El Señor permaneció a su lado y continuó diciendo: «He aquí que desde este momento tu cuerpo va a ser trasladado al paraíso, mientras que tu santa alma va a estar en los cielos, entre los tesoros de mi Padre, [coronada] de un extraordinario resplandor, donde [hay] paz y alegría [propia] de santos y ángeles y más aún». [319] 

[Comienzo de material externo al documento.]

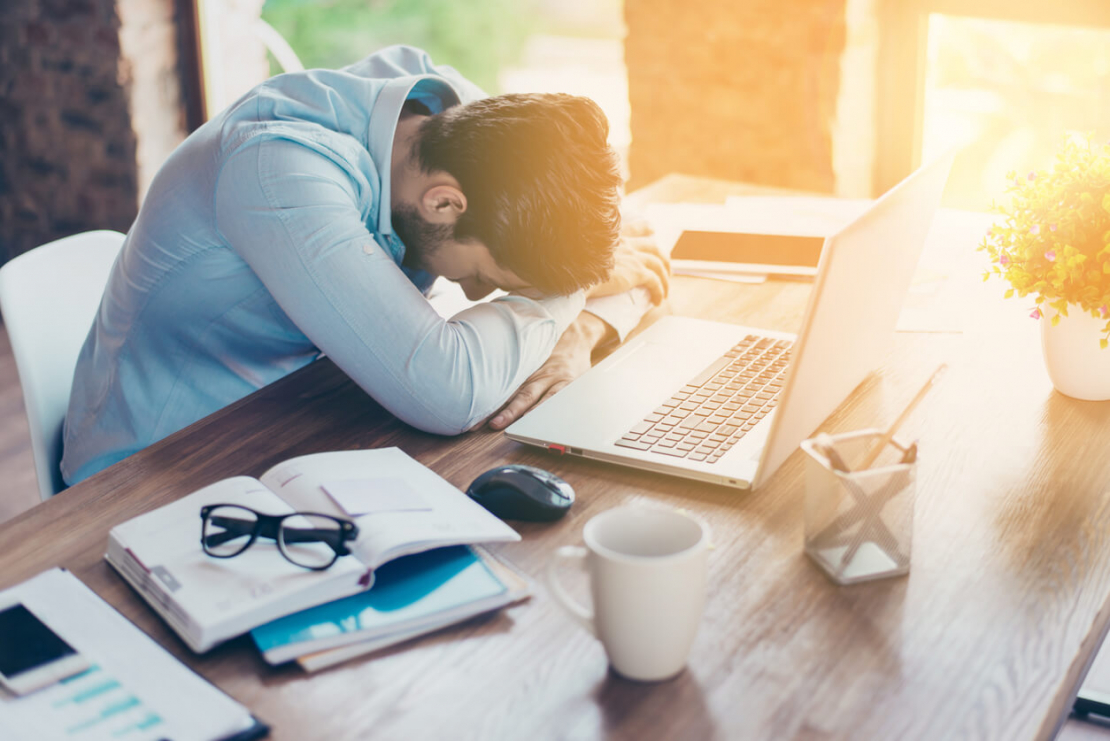 Kā ikdienas stress var ietekmēt miega kvalitāti?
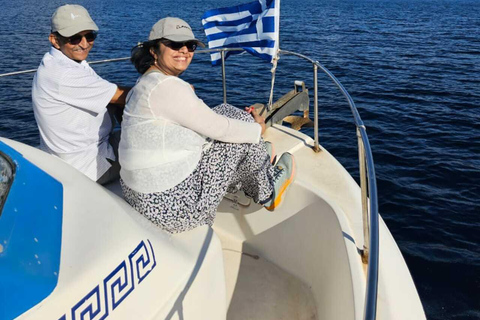 Santorini: Passeio de barco no vulcão, fontes termais e Thirassia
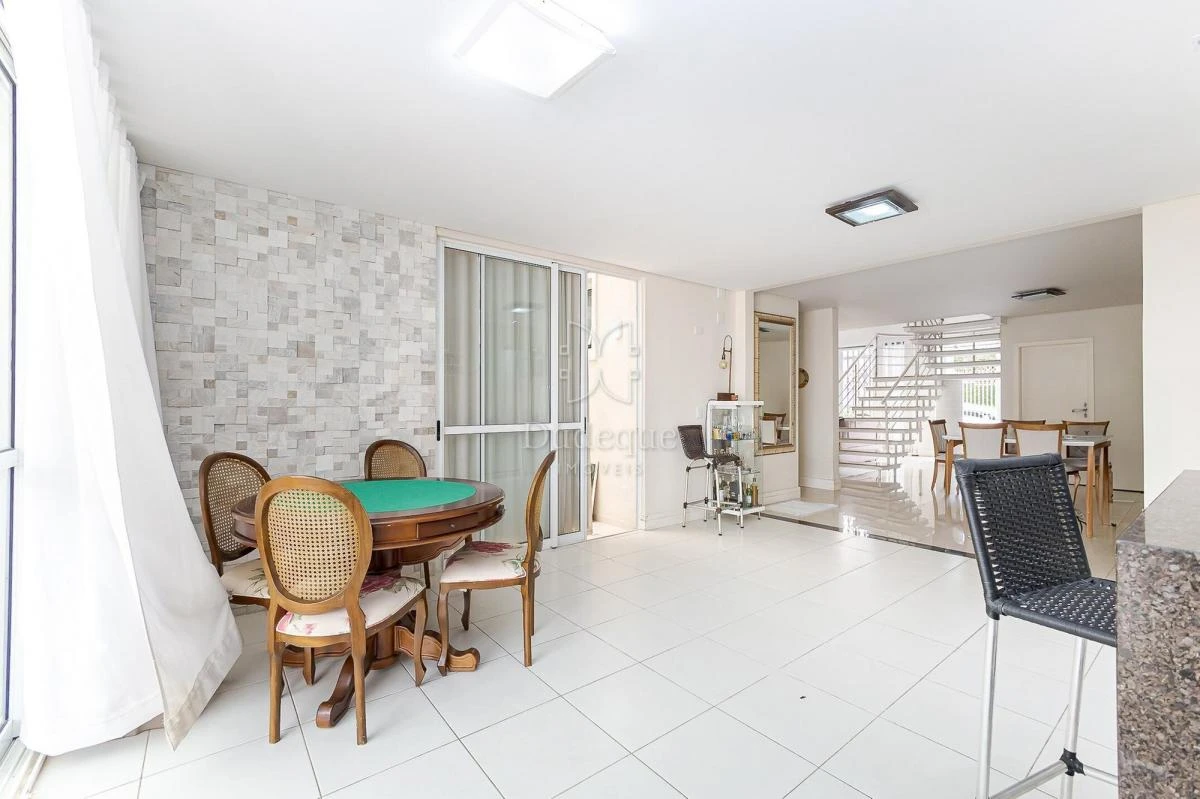 Furnished house with 4 bedrooms and 5 bathrooms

                                    XL
La madre del Señor respondió y le dijo: «Imponme, Señor, tu diestra y bendíceme». El Señor extendió su santa diestra y la bendijo. Ella la estrechó y la colmó de besos mientras decía: «Adoro esta diestra que ha creado el cielo y la tierra. Y ruego a tu nombre siempre bendecido, ¡oh Cristo Dios, Rey de los siglos, Unigénito del Padre!: recibe a tu sierva, tú que te has dignado encarnarte por medio de mí, la pobrecita, para salvar el género humano según tus inefables designios. Otorga a todo el que invoque o que ruegue o que [simplemente] haga mención del nombre de tu sierva». 

                                  XLI
Mientras ella decía esto, se acercaron los apóstoles a sus pies y, adorándola, le dijeron: «Deja, ¡oh madre del Señor!, una bendición al mundo, puesto que lo vas a abandonar. Pues ya lo bendijiste y lo resucitaste, perdido como estaba, al engendrar tú la luz del mundo». Y la madre del Señor, habiéndose puesto en oración, hizo esta súplica: «¡Oh, Dios, que por tu mucha bondad enviaste a tu unigénito Hijo para que habitara en mi humilde cuerpo y te dignaste ser engendrado de mí, la pobrecita!, ten compasión del mundo y de toda alma que invoca tu nombre». 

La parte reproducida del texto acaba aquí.